Thus, the Winjilarija people are known to have been distributed around the gorge country of Lawn Hill Creek and south westwards across into the Northern Territory, around the headwaters of the Gregory River. 

139                                       They say that the Nguburindi people were, at the time of European intrusion, centred on the middle and lower reaches of the Gregory River.  They also note that Dymock suggested that Nguburindi territory encompassed the Gregory River “as well as at least part of the area to the west across the plains towards Lawn Hill Station”.  This passage suggests that Nguburindi territory was “towards” Lawn Hill Station, rather than that it extended to, and included that station.

140                                       At para 1.4 Trigger and Fietz observe:

As recorded in Trigger’s research over a period of some 20 years, and also by Fietz in the last two years, the extent of Waanyi country at the time of European arrival is considered to have extended eastwards to the vicinity of the foot of the Constance and Edith ranges, including Lawn Hill Creek out on the plain country at least some 10 km east of the hills.

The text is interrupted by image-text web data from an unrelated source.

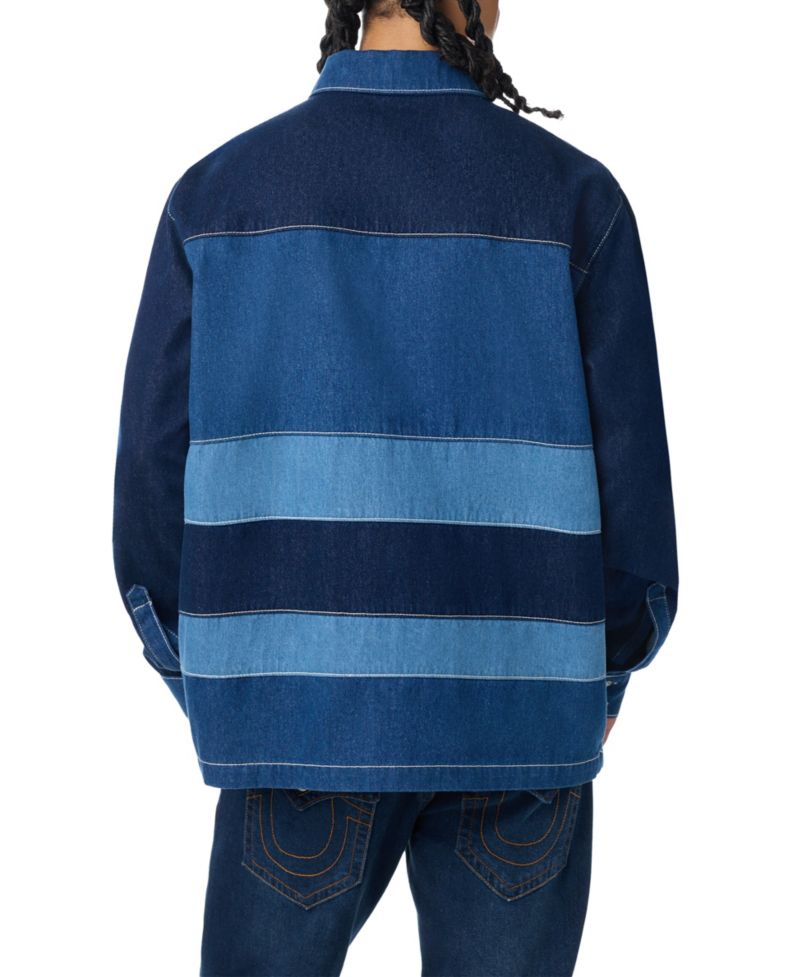Men's Denim Striped Long-Sleeve Polo Shirt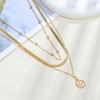 Metal Lotus Pendant Multi-layer Stacked Wearing Versatile Accessories Chain Collarbone Chain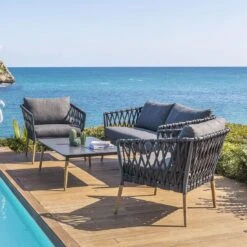 LifestyleGarden Ipanema Gartensofa Teak/Rope/Olefin Dunkelgrau -Gartenmöbel Geschäft lifestylegarden ipanema 2 siterzsofa teak rope olefin dunkelgrau 1203766 3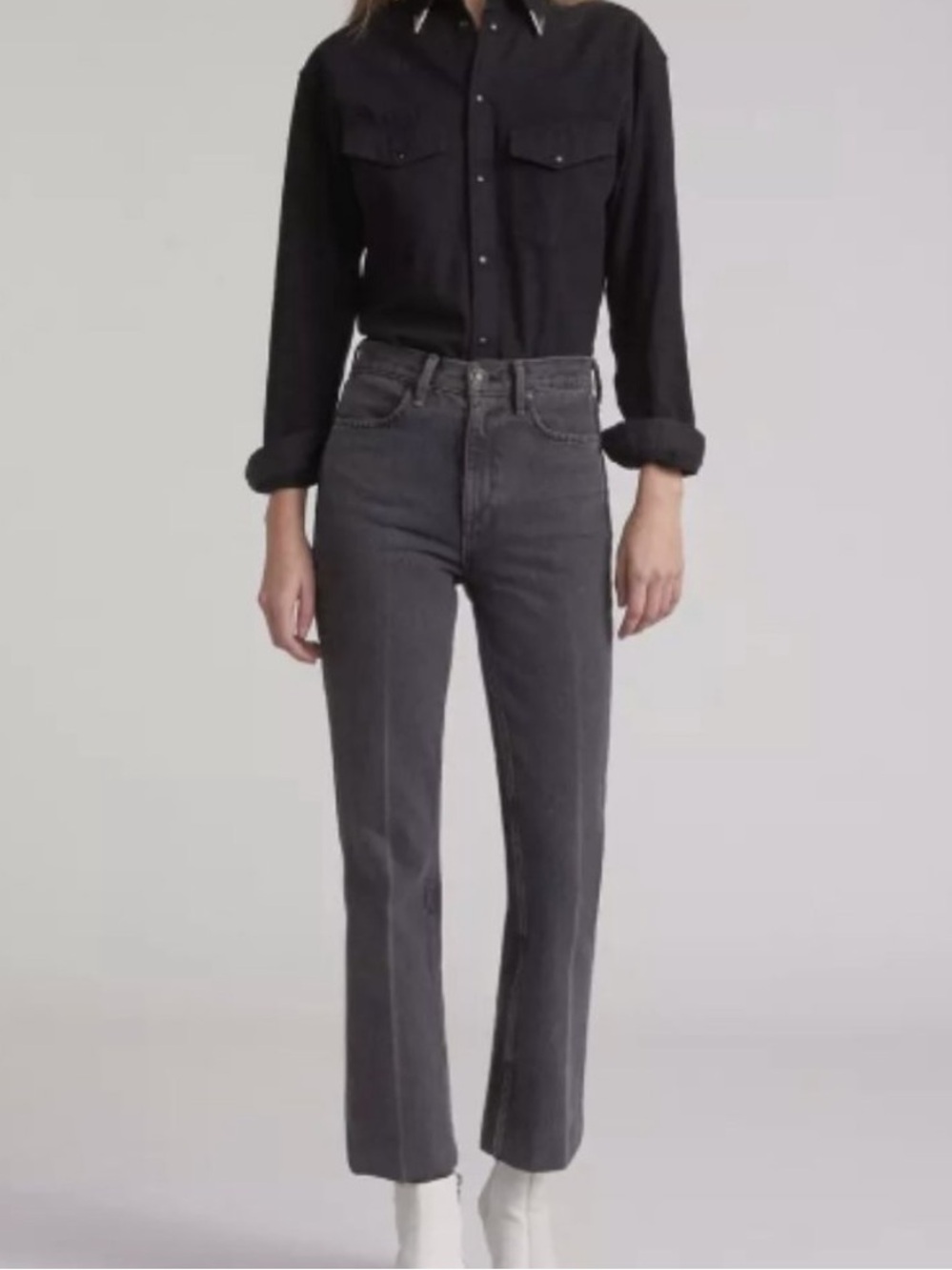 Rag & Bone Dylan Vintage Inspired Cropped Bootcut Jeans Size 25 In Gray Kuro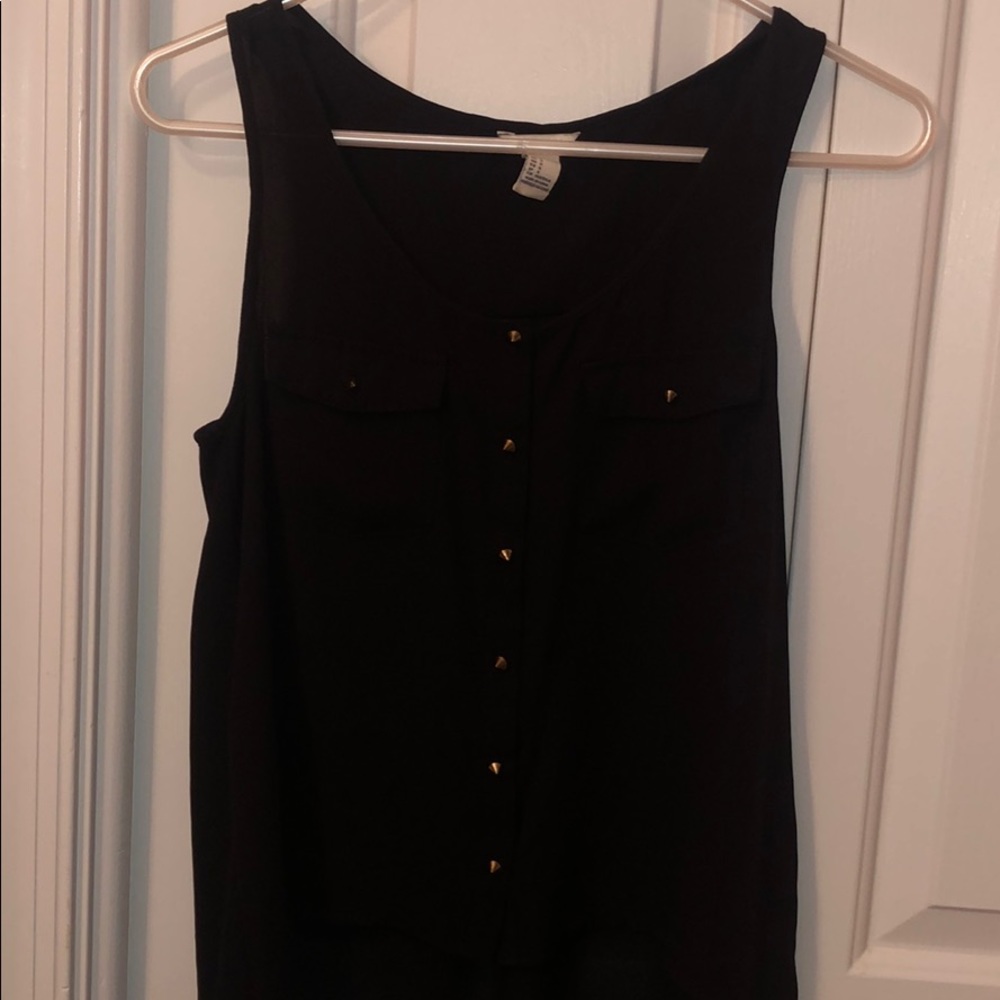 Black blouse with gold embellishment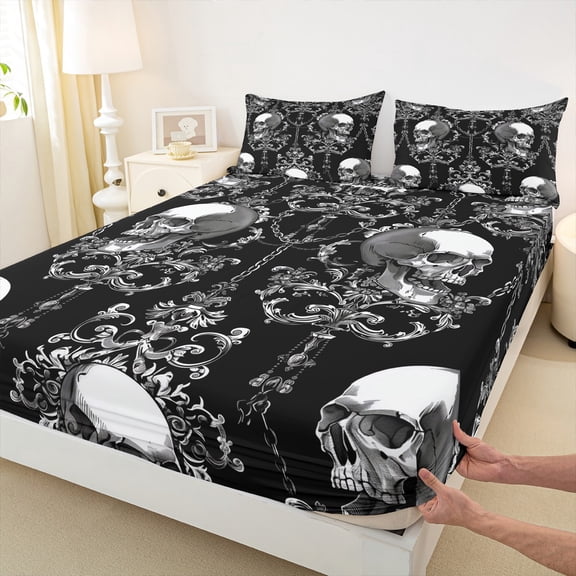 Castle Fairy Gothic Skull 4pcs Bed Sheets,Bohemian Damask King Sheets,Exotic Style Super Cozy Sheet Set,Super Cozy Abstract Room Decor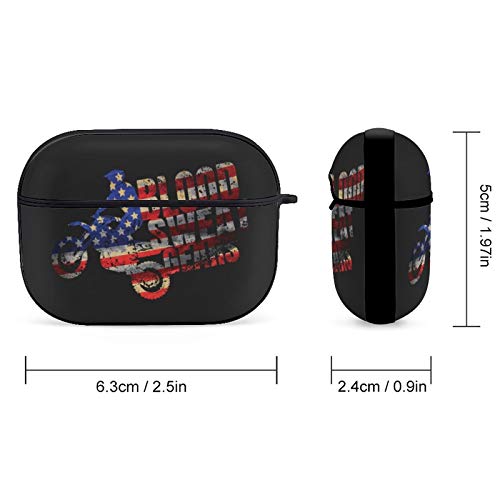 Dirt Bike Motocross Riders USA Flag Airpods Case Cover for Apple AirPods Pro Cute Airpod Case for Boys Girls Silicone Protective Skin Airpods Accessories with Keychain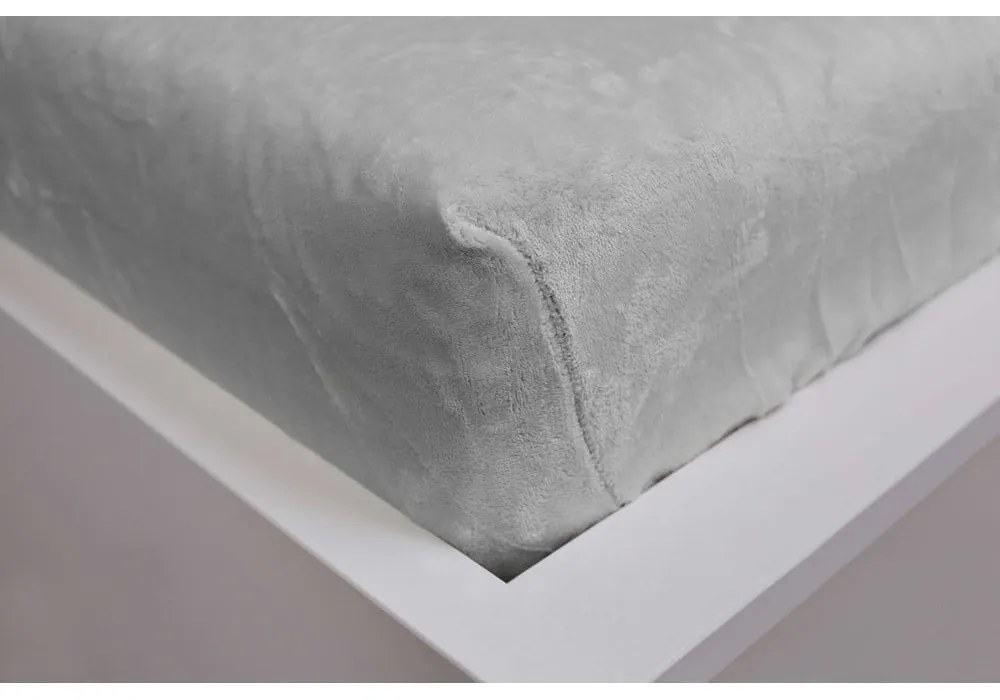 Sivá napínacia mikroplyšová plachta 180x200 cm – Jerry Fabrics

141                                       They also state that:

While there is recognition that the territories of the Injilarija people and Nguburindi people once melded somewhere to the north east of the Lawn Hill Gorge area, the former having extended upstream on Lawn Hill Creek to the south and south west and the latter having extended eastwards to the Gregory River, the predominant view among Waanyi people is that with the demise of these language groups, the Waanyi have historically “taken over” the traditional law and custom for their territories.

142                                       This passage suggests that the gorge must have been close to the north-eastern extremity of Injilarija country.  In ch 4 of the report Waanyi country is discussed in more detail with reference to the various separate areas to which Waanyi families are connected.  It is said at part 4.3 that:

The area described in general terms as “Lawn Hill country” is based on the name for the station and also Lawn Hill Creek; the latter is a major watercourse which flows from the west side of the claim area east and north-east where it eventually junctions with the Gregory River.  Claimants discuss “Lawn Hill country” as encompassing most of the pastoral Station area known by this name.  This includes the broad expanse of range country to the west and south of the homestead, an area named in English as the Constance and Edith ranges.  It also includes the gorge country on Lawn Hill Creek, and the plains country extending eastwards from the foothills of the ranges – an area that includes land east as far as the start of “Gregory River country”.  In a southerly direction, this area encompasses land as far as the vicinity of Lillydale Spring.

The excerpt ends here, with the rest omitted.